The help for -ciplot- starts like this:
-------------------------------------------------------------------------

Plots of confidence intervals

ciplot varlist [if exp] [in range] [weight] [, by(byvar)
missing ci_options [horizontal | vertical]
rcapopts(rcap_options) scatter_options]

Description

-ciplot- produces a display of means and confidence intervals.  Means
are shown by point symbols and intervals by capped bars.  -ci- is
used for the calculations.  -aweights- and -fweights- are allowed; see
help on -weights-.

Options

-by()- defines a grouping variable, which is treated as categorical,
not measured.

[...]

scatter_options refers to options of graph twoway scatter.
----------------------------------------------------------------

and inside -ciplot- there is a standard -syntax- statement

syntax varlist(numeric) [if] [in] [aweight fweight]        ///
[ , BY(varname) LEVel(integer \$S_level) Poisson BINomial   ///
Exposure(varname) EXAct Jeffreys Wilson Agresti Total      ///
Total2(str asis) MISSing INCLusive                         ///
YTItle(str) XTItle(str)                                    ///
HORizontal VERTical RCAPopts(str asis) plot(str asis) * ]

As far as -ciplot- is concerned -by()- needs a varname (not varlist),
as Sergiy reports.

So why can he get away with specifying two -by()- options? It
is not in general illegal to specify an option twice, and as from
Stata 8 much use is made of that in graphics.

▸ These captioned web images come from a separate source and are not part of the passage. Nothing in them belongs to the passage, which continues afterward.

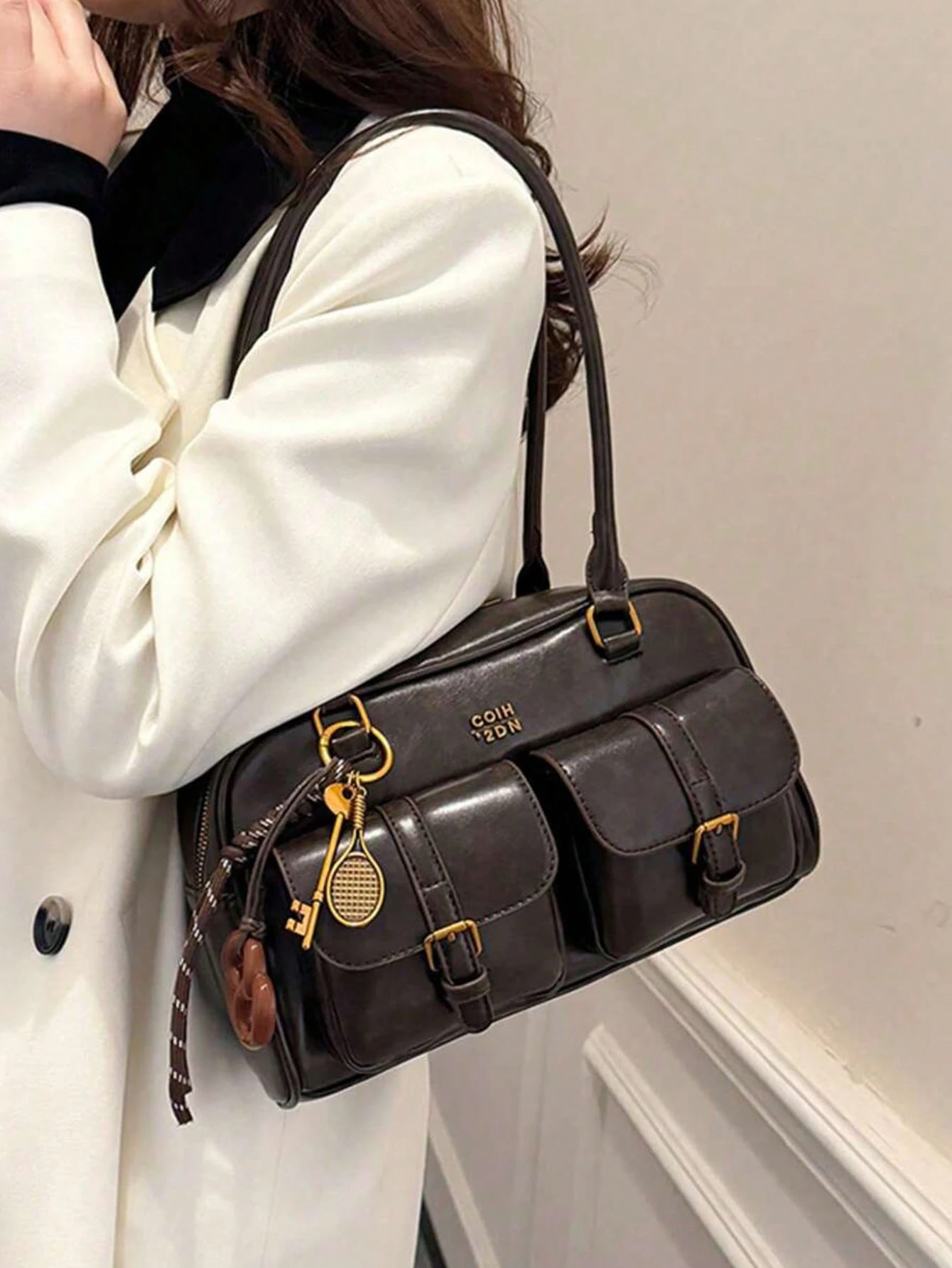 Sac à épaule en PU de couleur unie rétro pour femmes, design à plusieurs poches, grande — vue 3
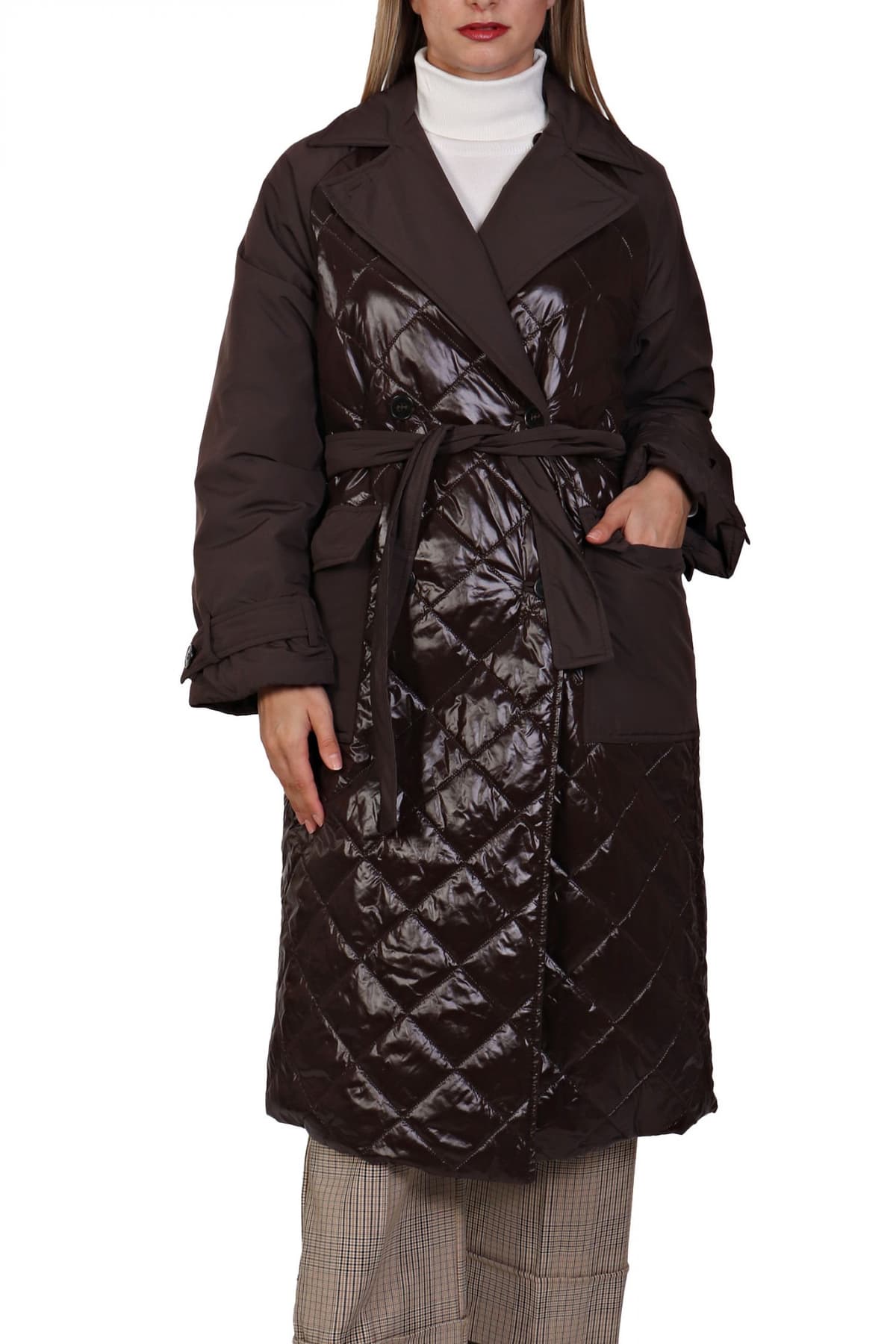 MARELLA MONOCHROME ΚΑΜΠΑΡΝΤΙΝΑ VESUVIO ΔΙΠΛΗΣ ΟΨΕΩΣ ΚΑΠΙΤΟΝΕ ΣΚΟΥΡΟ ΚΑΦΕ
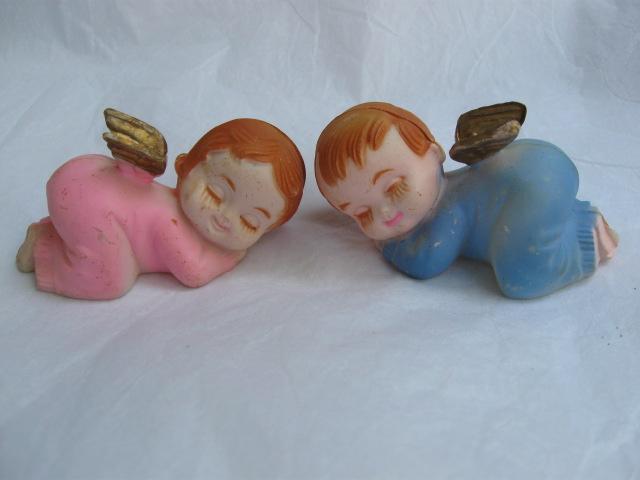 2 Vintage Boy & Girl Baby Sleeping Christmas Angels Wilton Cake Toppers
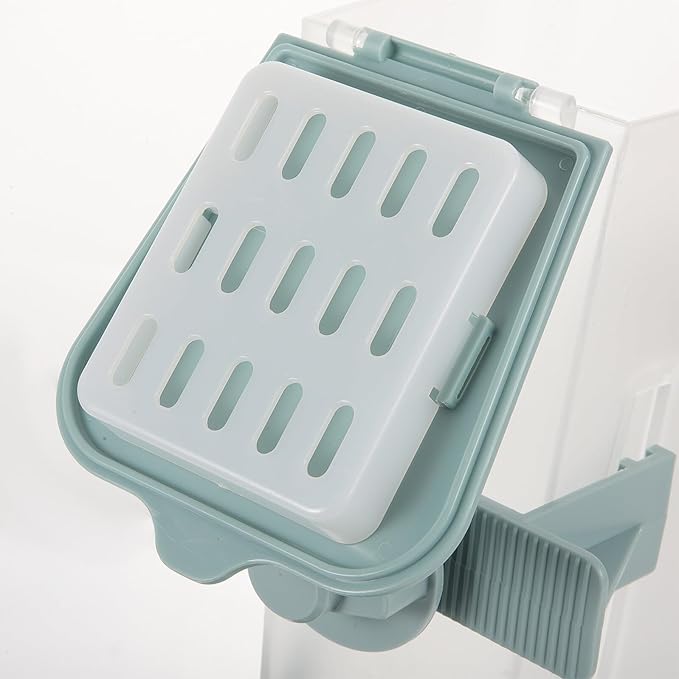 YARNOW 2l Automatic Hanging Dog Feeder Bowl Pet Food Dispenser for Crate Use in Blue, Puppy Feeding Station with Gravity-Feed Design for Small to Medium Dogs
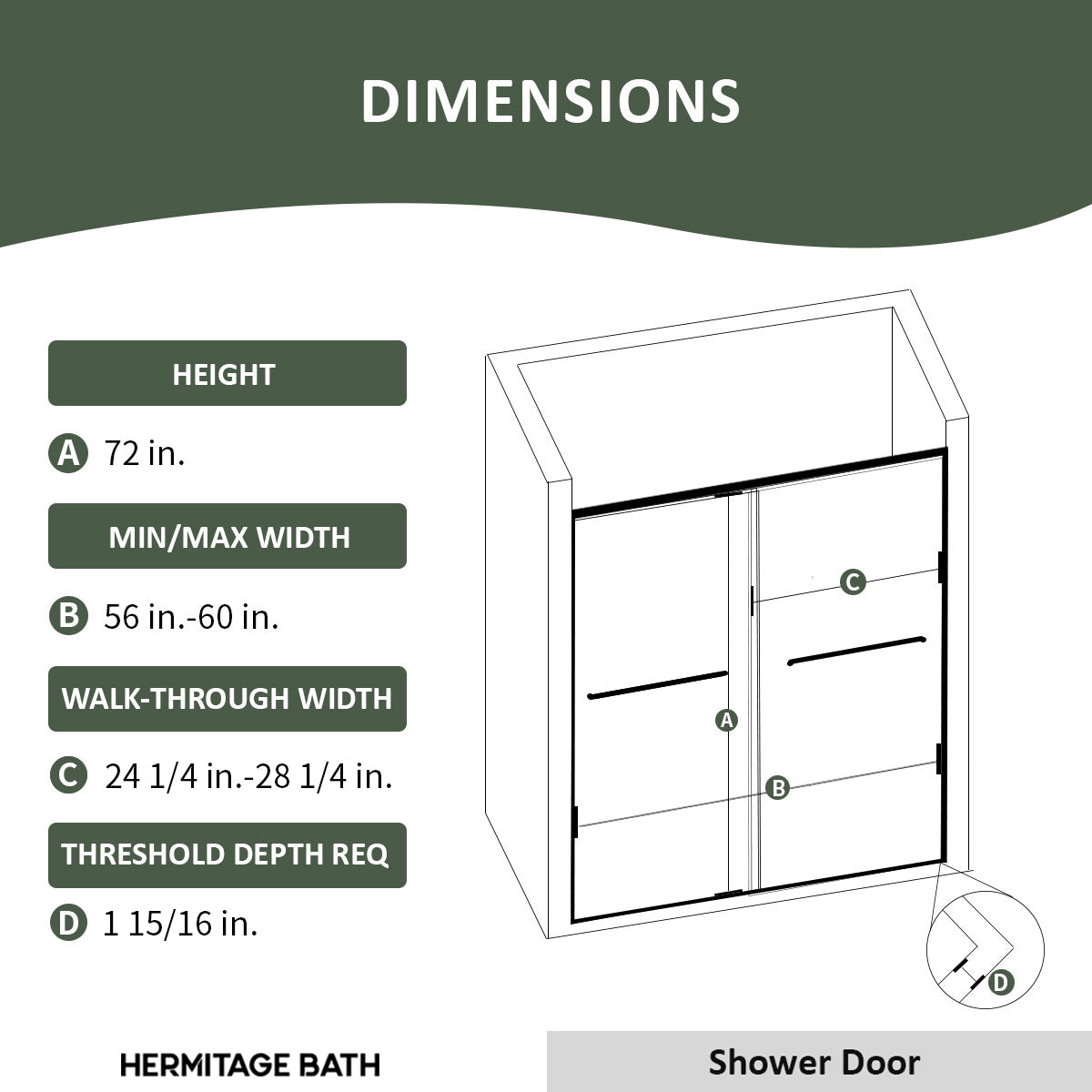 Nesso 60 in. W x 72 in. H Sliding Semi-Frameless Shower Door in Matte Black Finish with Clear Glass HBSD98-7260BN-3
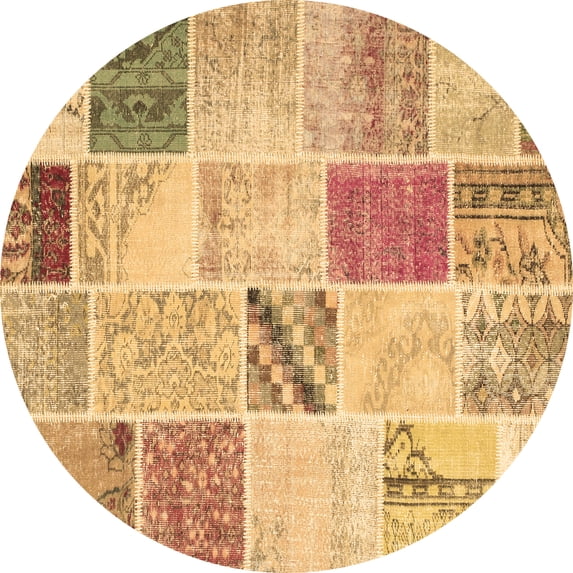 Ahgly Company Indoor Round Patchwork Brown Transitional Area Rugs, 4' Round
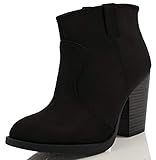 Soda Women's Albert Faux Suede Cowboy Pull-Tab Stacked Heels Ankle Booties,Black,8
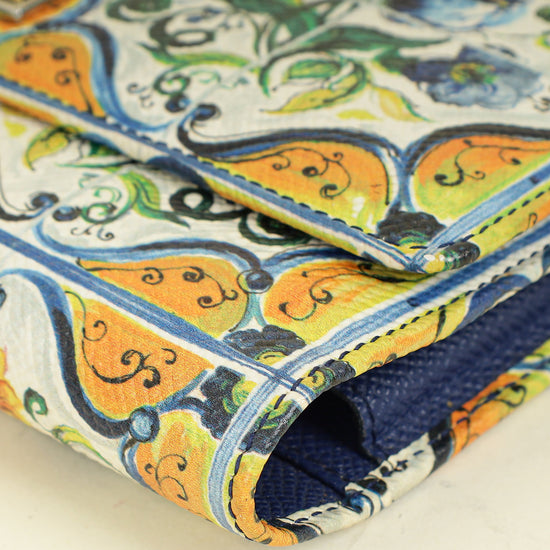 Dolce & Gabbana Multicolor Sicily Smart Gloss Phone Chain Wallet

In this case, what happens with two -by()- options is that the
first becomes the -by()- specified explicitly in the -syntax- and
the second gets smuggled past the border wrapped up in the
wildcard *.

-ciplot, by()- was intended to echo -ci, by()- when the latter
was part of -ci-'s standard syntax. (Now the overt syntax is
to use -by ...: ci- but a -by()- option is still allowed.)
This option never had a graphical role.

As the help above implies, -ciplot- does two main things,
fire up -ci- to get confidence intervals and then fire
up -graph- to plot them. If you go with the auto data

ciplot price, by(rep78) by(foreign)

then -by(rep78)- is used in calculating
confidence intervals and -by(foreign) is used
in plotting them. The results will look odd
and in effect you will get a silly answer
to a silly question.

I don't feel especially inclined, however, to regard this as a
bug, as any user doing this is trying something way
beyond the documentation and should expect the
possibility of strange consequences. There may be nested
categorical variables for which this is
an undocumented way of getting a reasonable graph.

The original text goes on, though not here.